[[ Entries supplied open ]]

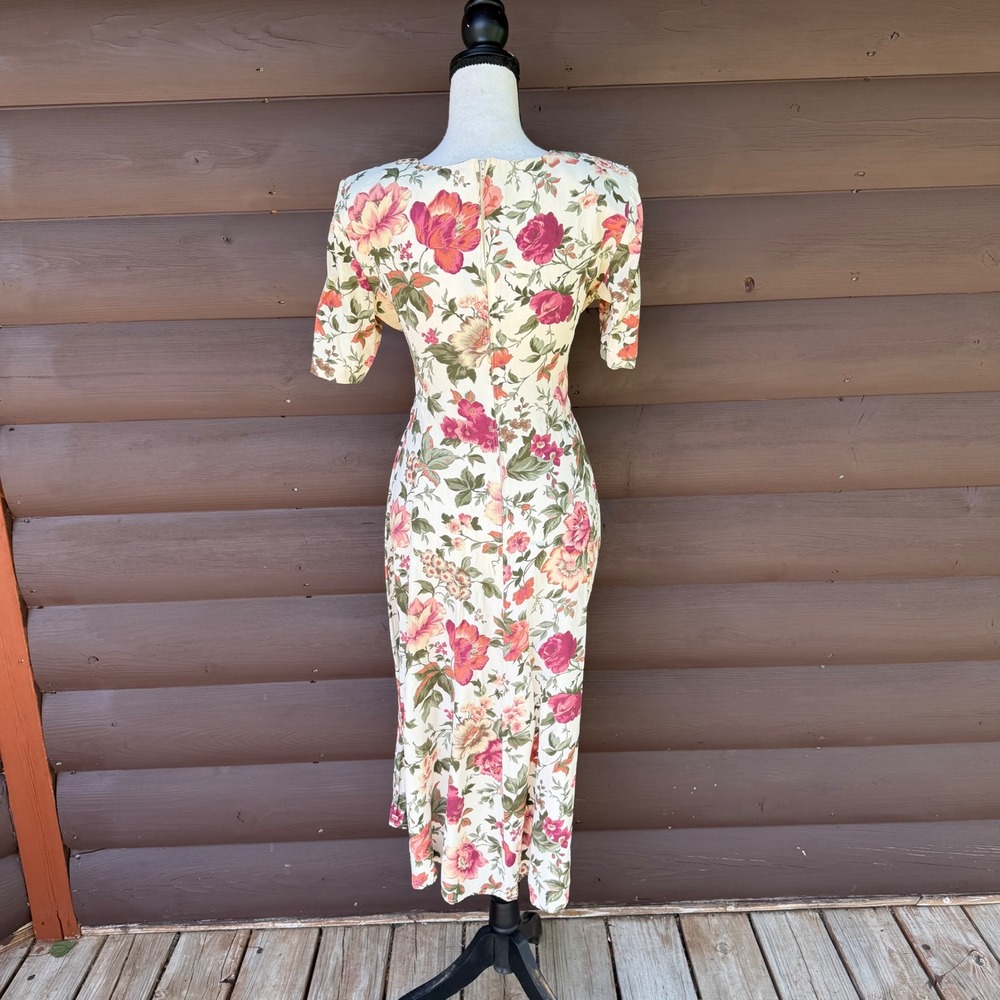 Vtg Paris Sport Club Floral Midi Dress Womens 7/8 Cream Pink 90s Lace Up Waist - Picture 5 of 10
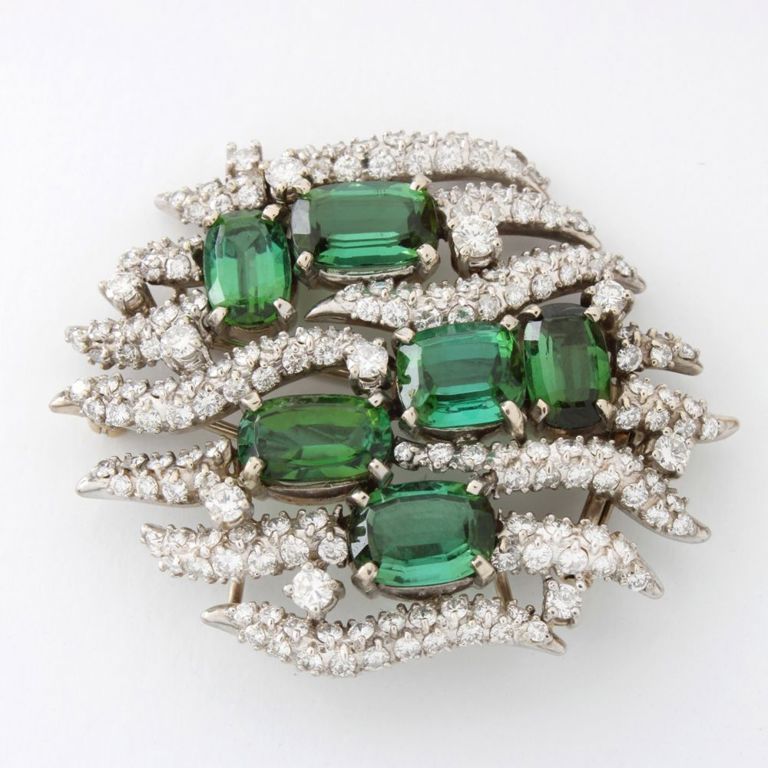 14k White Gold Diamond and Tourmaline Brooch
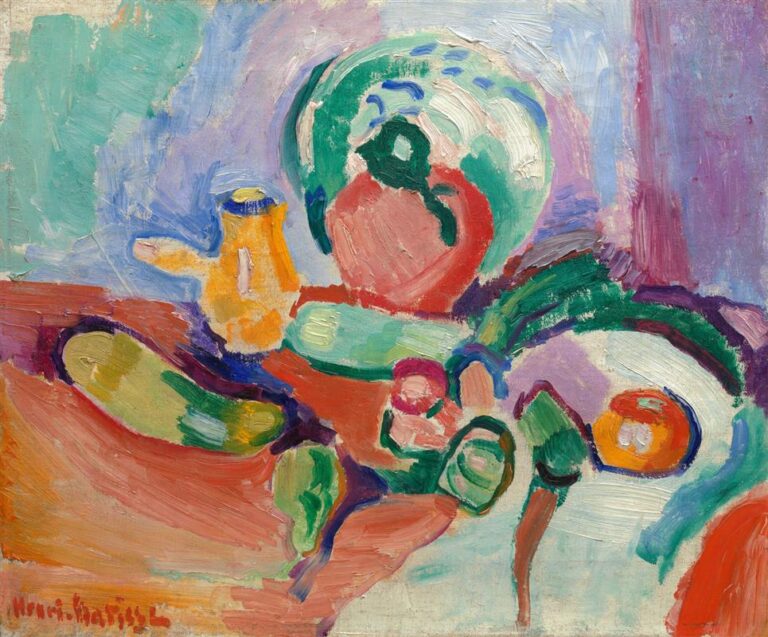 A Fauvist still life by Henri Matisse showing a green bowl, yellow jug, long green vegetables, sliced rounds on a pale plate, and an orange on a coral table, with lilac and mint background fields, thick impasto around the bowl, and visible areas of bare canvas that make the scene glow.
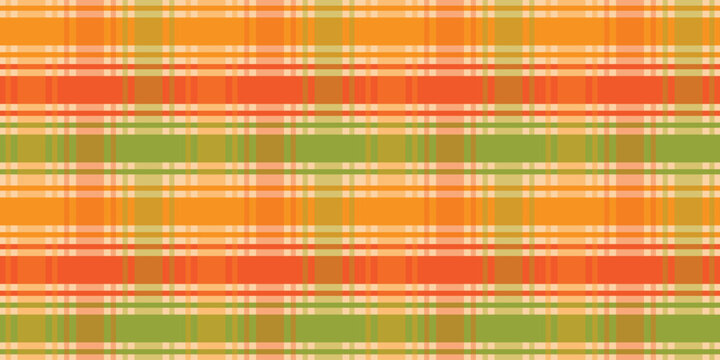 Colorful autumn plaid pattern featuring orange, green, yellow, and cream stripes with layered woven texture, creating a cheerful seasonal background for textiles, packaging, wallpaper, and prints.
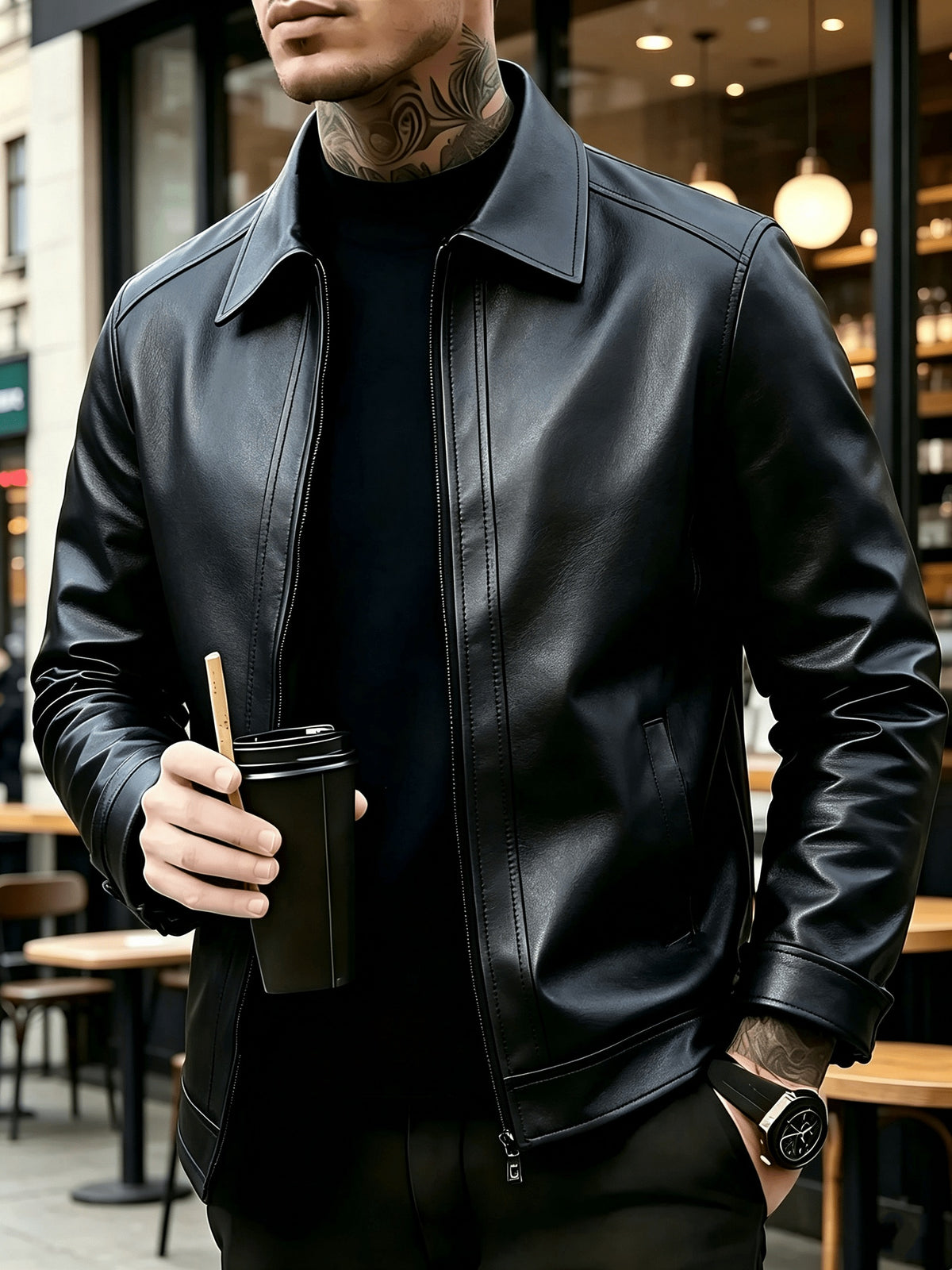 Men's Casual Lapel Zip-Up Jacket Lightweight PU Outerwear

[[ Entries supplied closed ]]
[[ Entries supplied open ]]

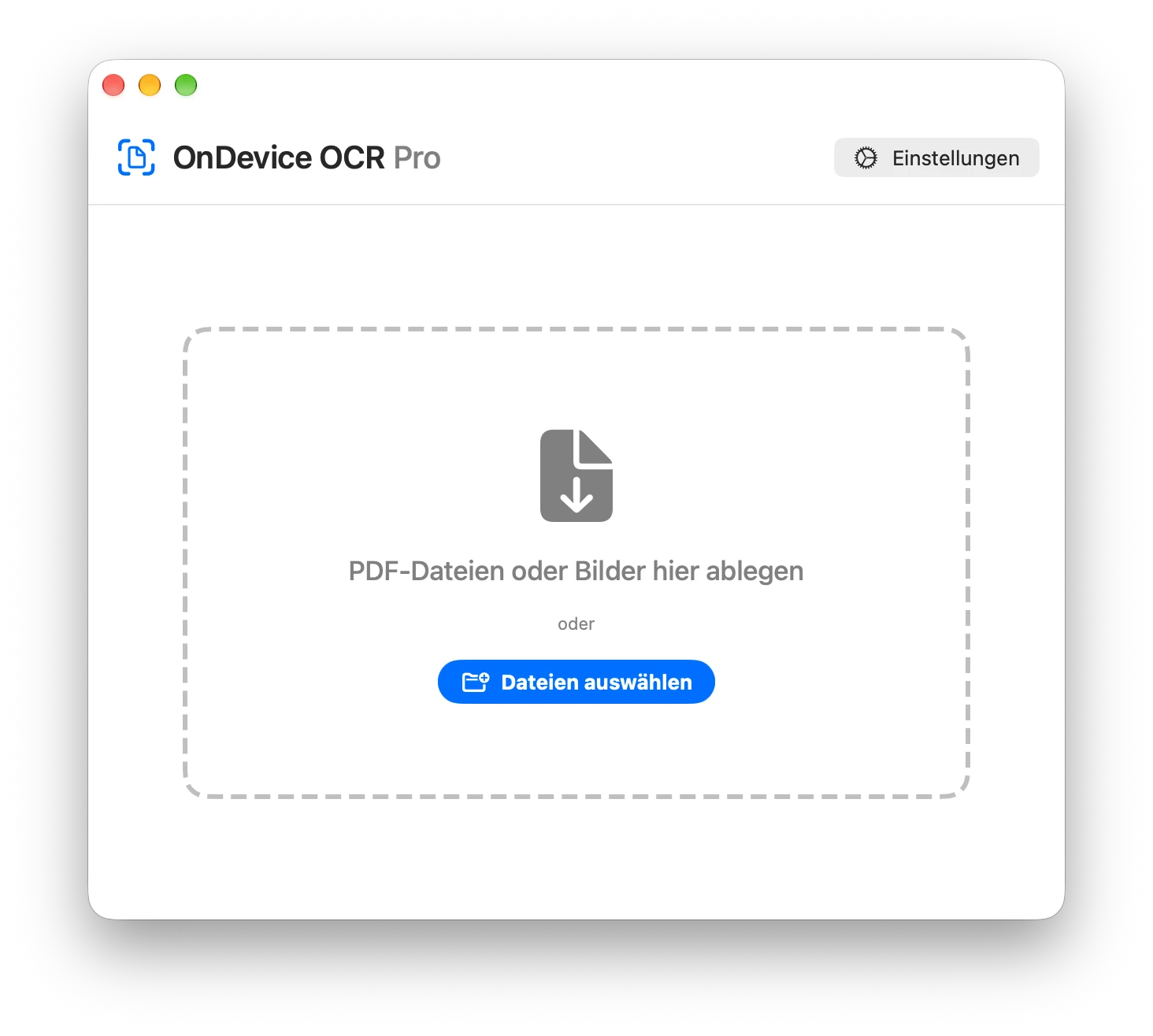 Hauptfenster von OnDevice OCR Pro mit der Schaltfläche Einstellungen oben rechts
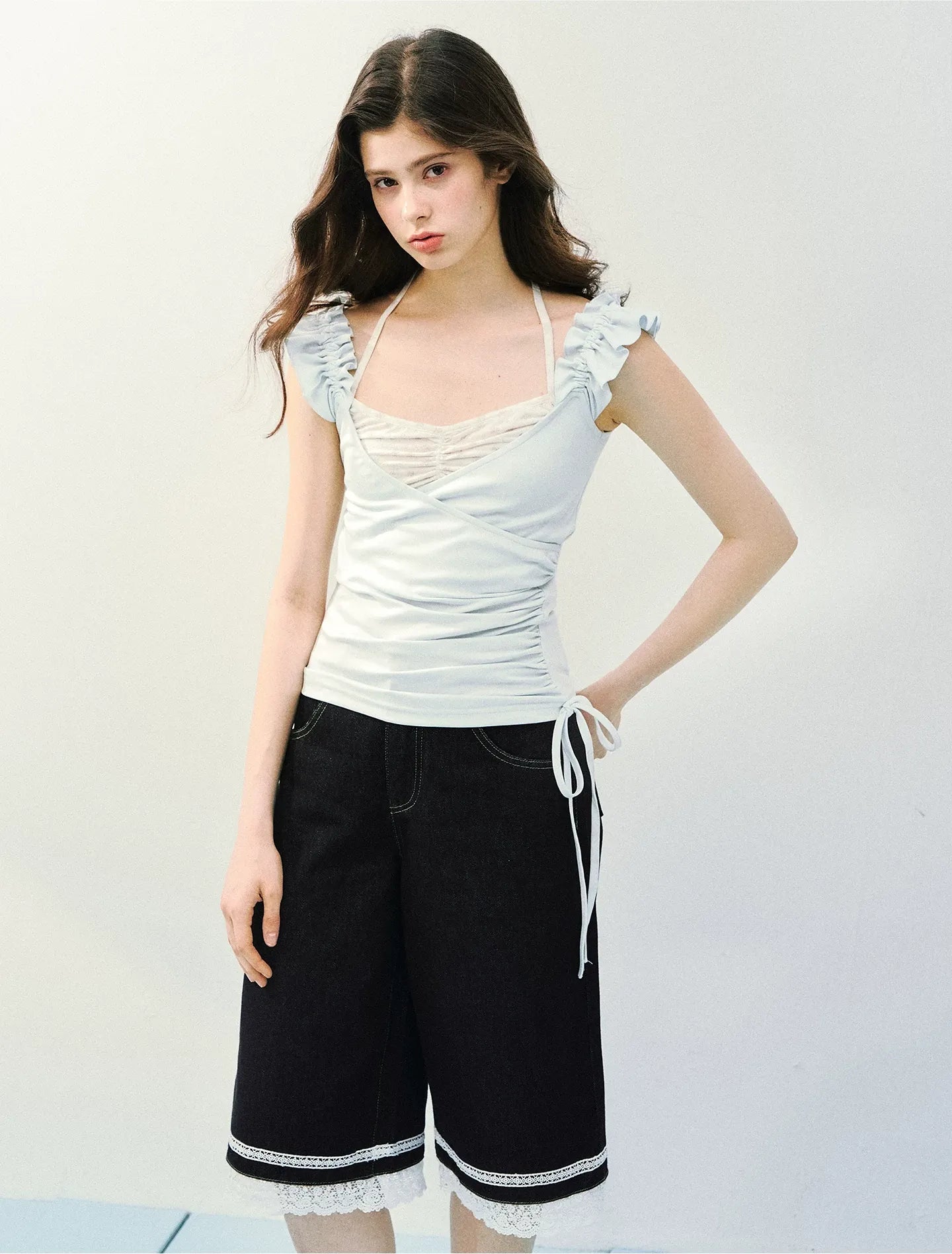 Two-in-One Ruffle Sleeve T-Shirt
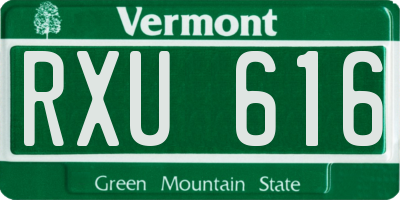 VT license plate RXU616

[[ Entries supplied closed ]]

> **Task to carry out**
Look above for the line with "14k White Gold Diamond and Tourmaline Brooch" and the line with "A Fauvist still". Output those two and everything between them exactly, pictures excluded.

> **Task output**
 14k White Gold Diamond and Tourmaline Brooch
 A Fauvist still life by Henri Matisse showing a green bowl, yellow jug, long green vegetables, sliced rounds on a pale plate, and an orange on a coral table, with lilac and mint background fields, thick impasto around the bowl, and visible areas of bare canvas that make the scene glow.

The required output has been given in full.